WHAT THE TASK REQUIRES: Keep every word of the listing and drop the images when you write it out.

RECORDS TO USE:
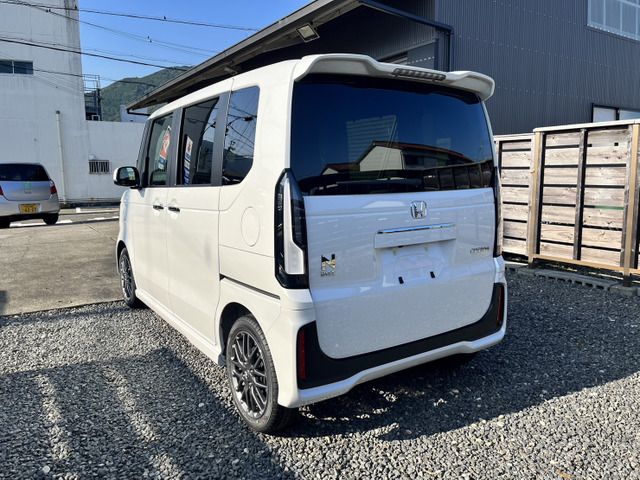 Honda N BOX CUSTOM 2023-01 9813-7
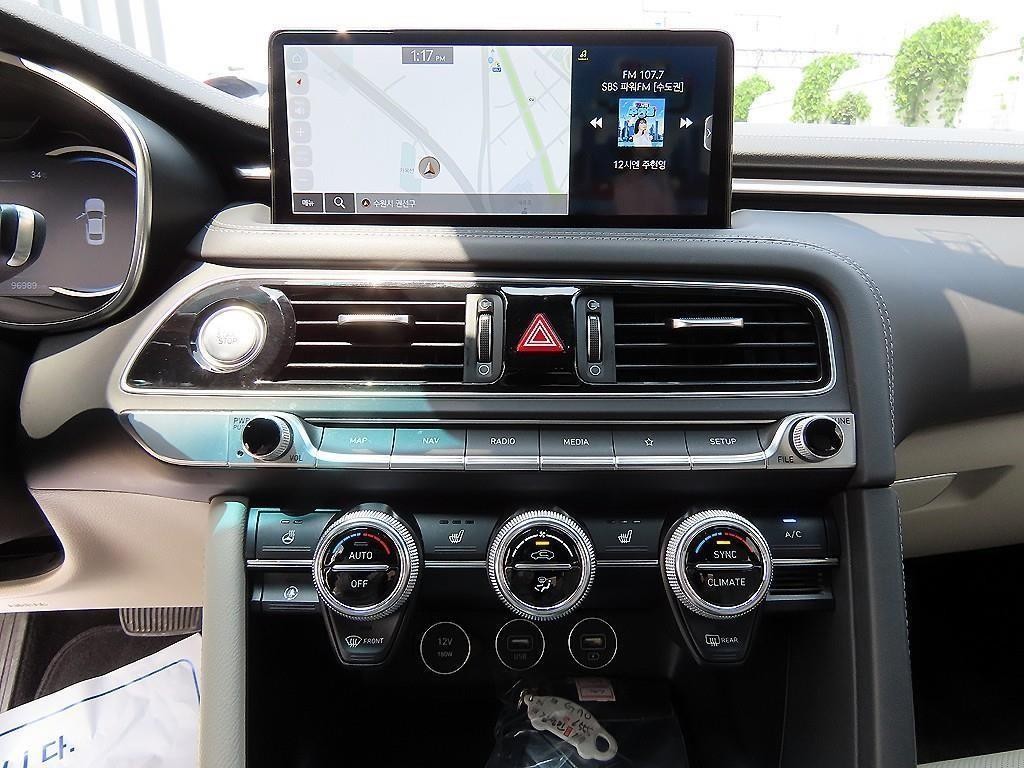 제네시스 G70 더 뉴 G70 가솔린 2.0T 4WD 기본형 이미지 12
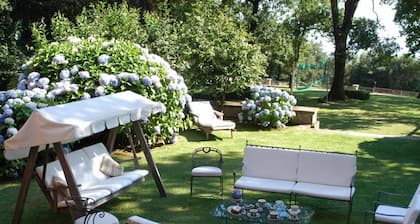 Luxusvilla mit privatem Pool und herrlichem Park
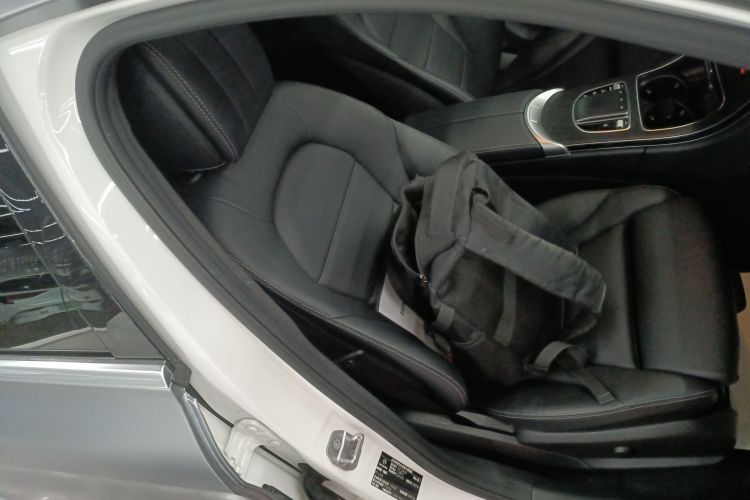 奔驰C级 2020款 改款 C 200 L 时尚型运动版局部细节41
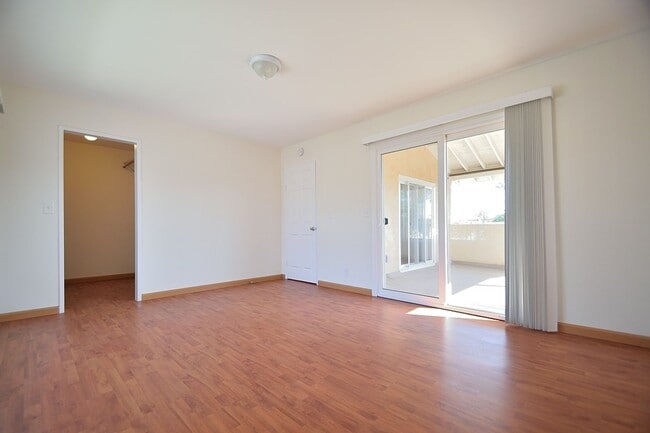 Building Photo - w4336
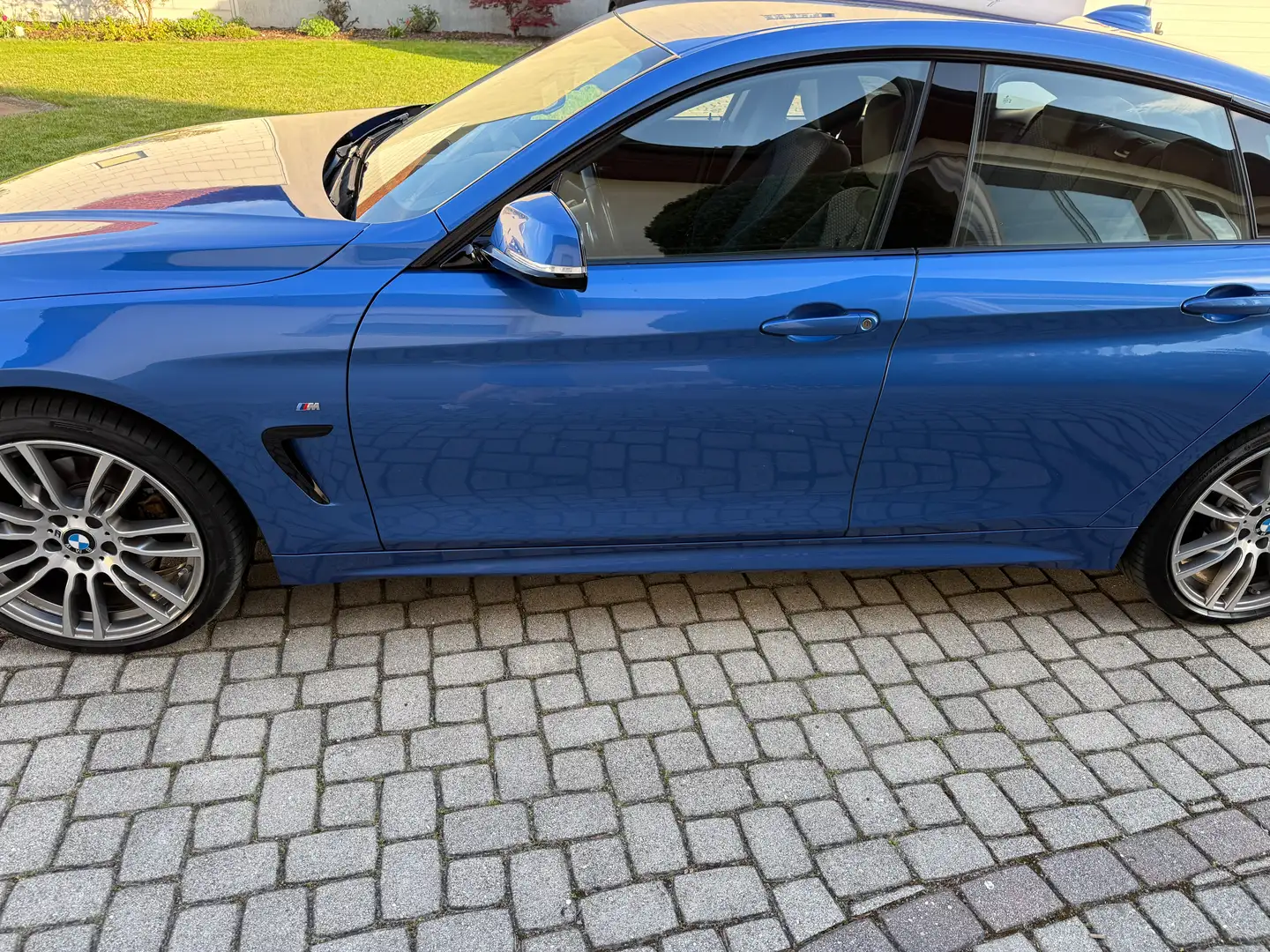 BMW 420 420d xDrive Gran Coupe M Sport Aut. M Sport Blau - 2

EXERCISE ANSWER:
 Honda N BOX CUSTOM 2023-01 9813-7
 제네시스 G70 더 뉴 G70 가솔린 2.0T 4WD 기본형 이미지 12
 Luxusvilla mit privatem Pool und herrlichem Park
 奔驰C级 2020款 改款 C 200 L 时尚型运动版局部细节41
 Building Photo - w4336
 BMW 420 420d xDrive Gran Coupe M Sport Aut. M Sport Blau - 2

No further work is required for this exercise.